# Given records
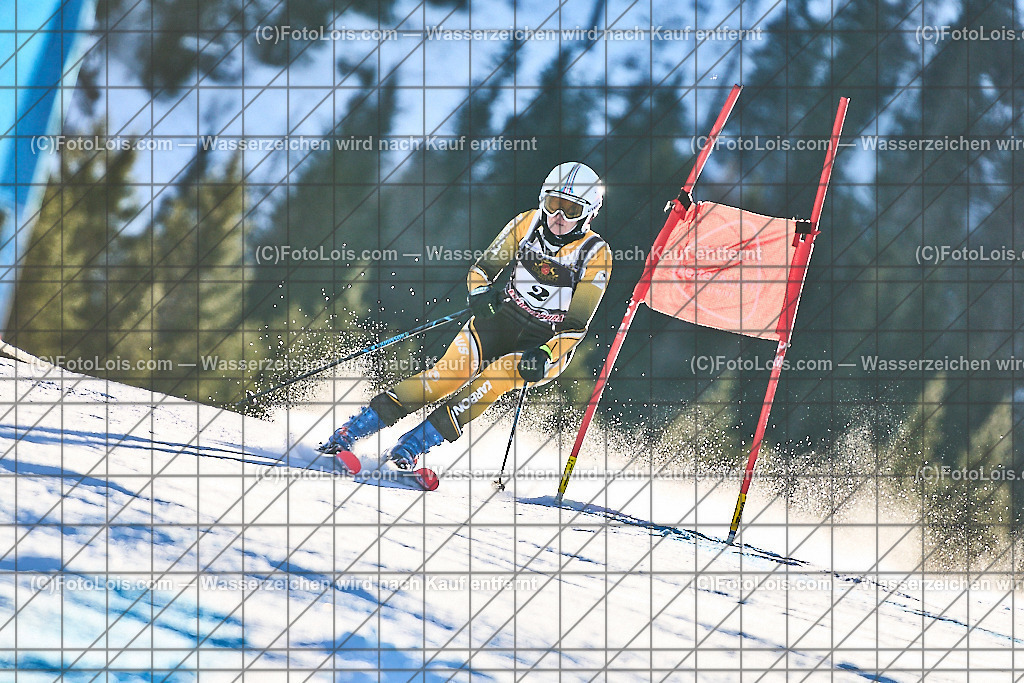 ALP1405_FIS-MastersCup_Reiteralm_Giant-SL_Franke-Williams Marg | FIS-MastersCup GIANT-SLALOM auf der Reiteralm in Pichl, Sa 18. Jänner 2025.
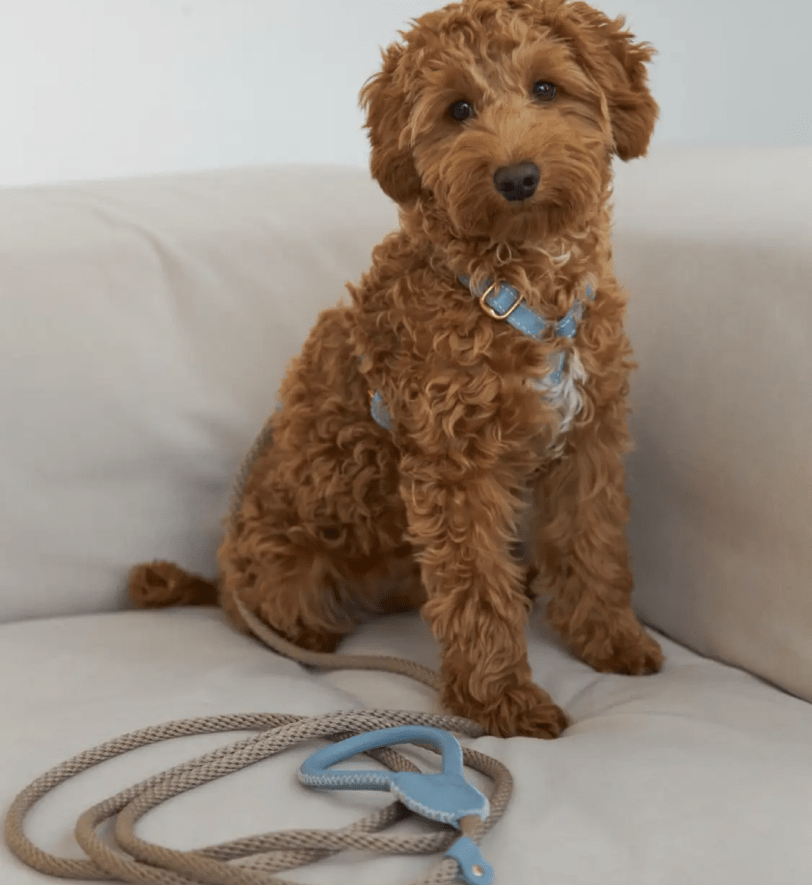 Комплект аксесуарів CHOUCHOU для собак (шлея+повідець+диспенсер) ніжно-блакитний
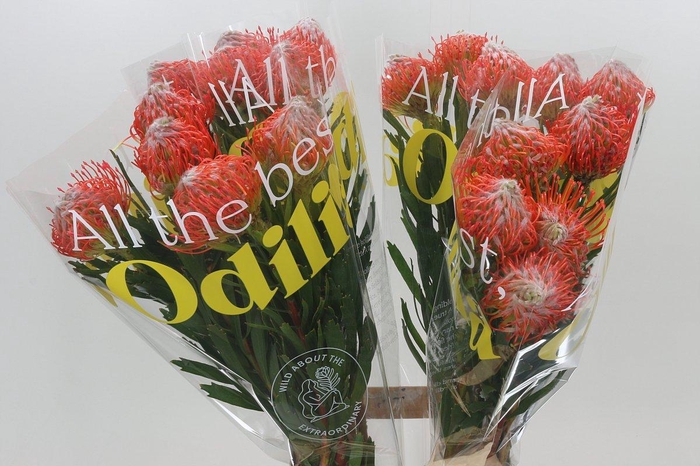 <h4>Nutans Tango</h4>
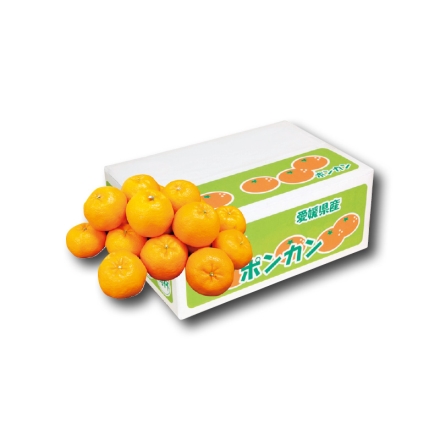 家庭用 ポンカン4.5ｋｇ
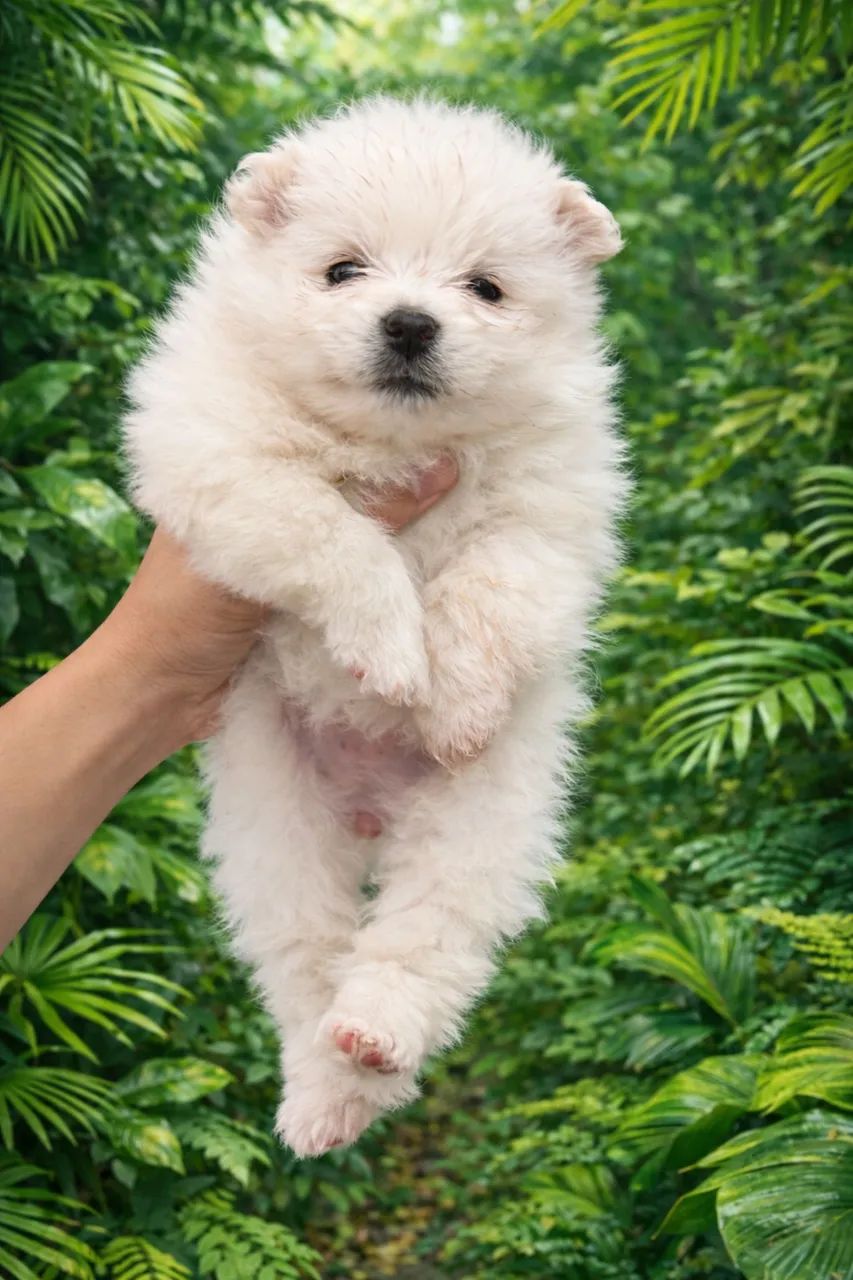 Spitz alemão  - Foto 5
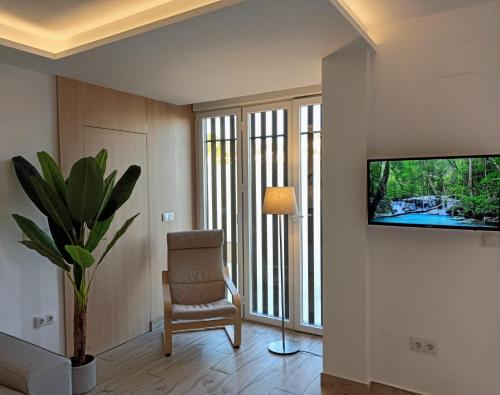 Imagen 3 de 35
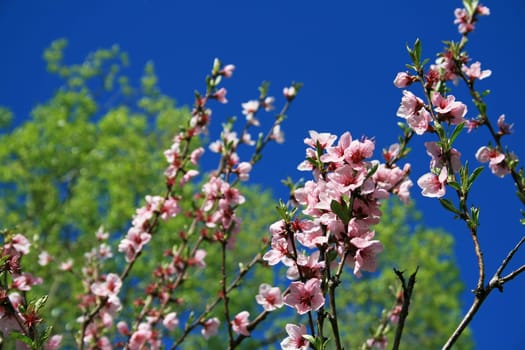Peach Tree Blossom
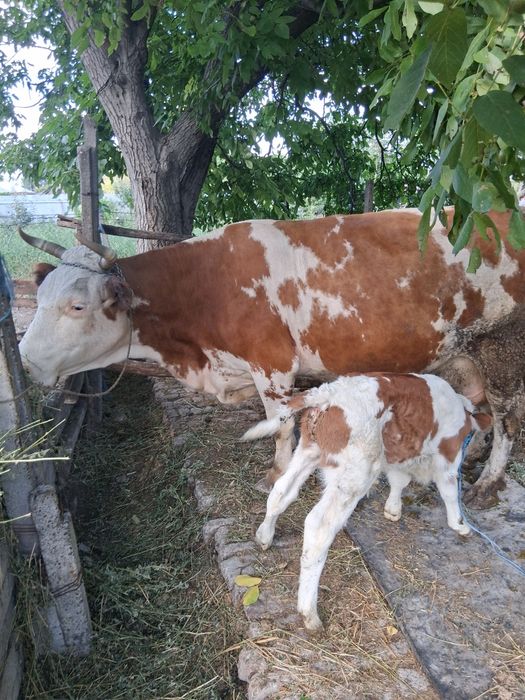 Vaca cu vitel de vanzare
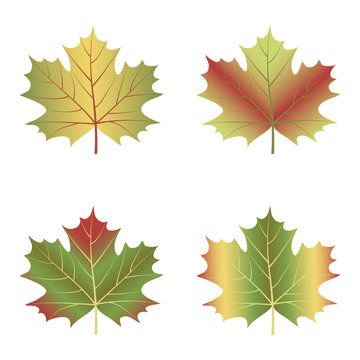 maple leaf set isolated on white background.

# Exercise prompt
Write the entries out again exactly as they appear, with the pictures omitted.

# Expected answer
 ALP1405_FIS-MastersCup_Reiteralm_Giant-SL_Franke-Williams Marg | FIS-MastersCup GIANT-SLALOM auf der Reiteralm in Pichl, Sa 18. Jänner 2025.
 Комплект аксесуарів CHOUCHOU для собак (шлея+повідець+диспенсер) ніжно-блакитний
 <h4>Nutans Tango</h4>
 家庭用 ポンカン4.5ｋｇ
 Spitz alemão  - Foto 5
 Imagen 3 de 35
Peach Tree Blossom
 Vaca cu vitel de vanzare
 maple leaf set isolated on white background.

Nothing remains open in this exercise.